The first chapter, Slave Societies in Flux gives a brief socio-historical framework of slavery. It contextualizes race, class, and gender of the enslaved male as it relates to power and violence, particularly sexual violence. This chapter will address the “plantation” as a model for society, and acknowledge the importance of crop, region, colonial presence, era / period, urban v. rural, plantation size, enslaved population in determining power dynamics.

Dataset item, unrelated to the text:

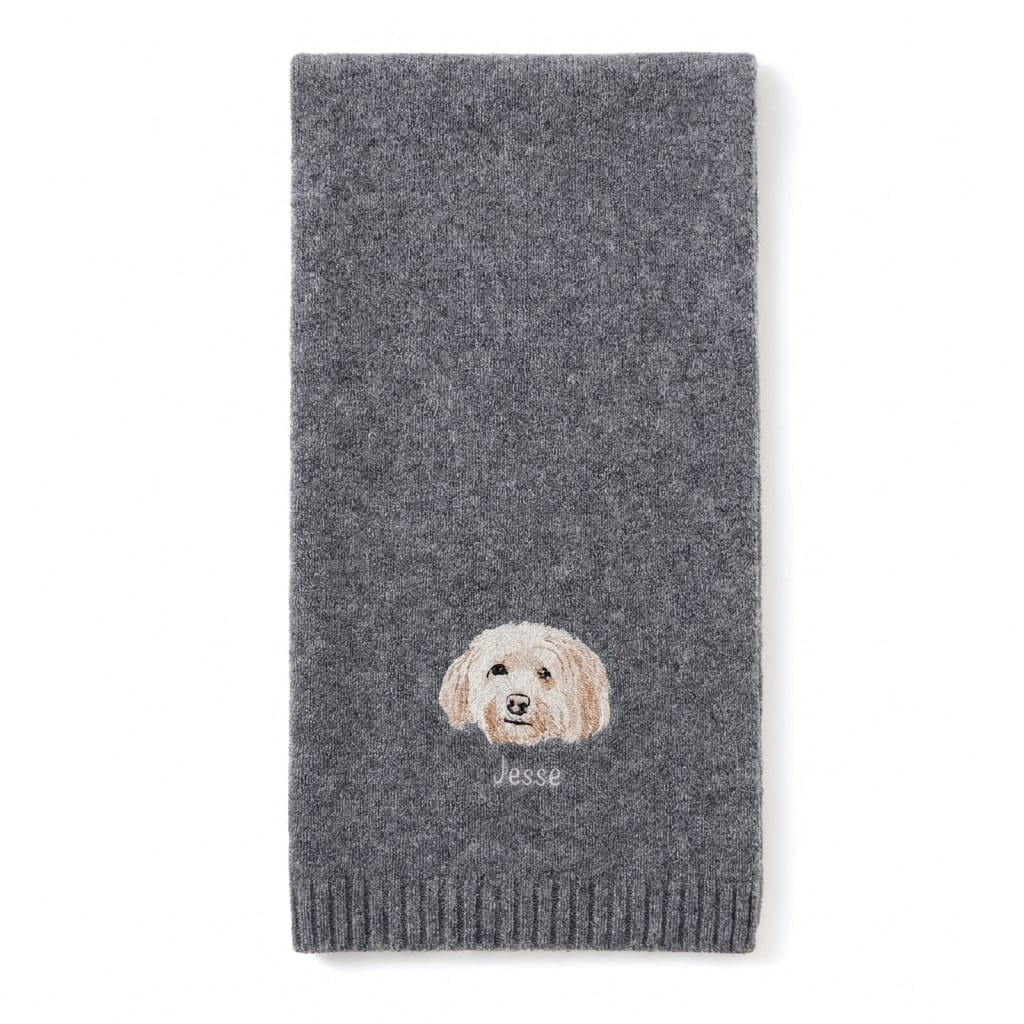 Custom Pet Embroidered Icon Stitch Scarf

Scenes of Inspection opens by acknowledging the Brazilian and Jamaican record of male-male sexual violence, and then moves to the visual record of enslavement, inspection, and sale by way of Trans-Atlantic crossings. The chapter is concerned with the construction and distribution of the Black male body in late 18th and early 19th Century visual culture. The engraving, Marché d’esclaves by Laurent, and the paintings, The Slave Trade by FrançoisAuguste Biard and Slave Market by an unknown American artist are studied with a quare approach. This chapter deconstructs the scene of inspection and the White male pornographic gaze to build upon the structural insights of the first chapter. It demonstrates how the threat of male-male sexual violence operates within the realm of the visual. Like the pervasiveness of the inspection, the omnipotent threat of sexual violence is not only a Brazilian or Jamaican occurrence, rather, a Black Atlantic phenomenon.
Resistance is the central theme of the chapters three and four, Re-reading Narratives. The purpose of these chapters is to explore the relationship between male-male sexual violence and resistance in the United States. I employ Harriet Jacobs’s Incidents in the Life of a Slave Girl and Frederick Douglass’s Narrative of the Life of Frederick Douglass, an American Slave and My Bondage and My Freedom in chapter three and four, respectively. Jacobs and the former enslaved male, Luke, make use of Black vernacular traditions to critique and resist U.S. legal discourse and its support of sexual assault. Meanwhile, the prospect of male-male rape forces Douglass to retreat into a masculine safe space, which nurtures a gender progressive resistance.
The thesis closes by contextualizing Black queer/ quare re-reading as a scholarly endeavor within and natural to the Africana Studies project. The conclusion, The Art of Reading covers the overall theoretical implications and contributions of burgeoning Black que(e)rying of African American and American history, art, and literature. Lastly, considerations on the possible future directions of this research project are included.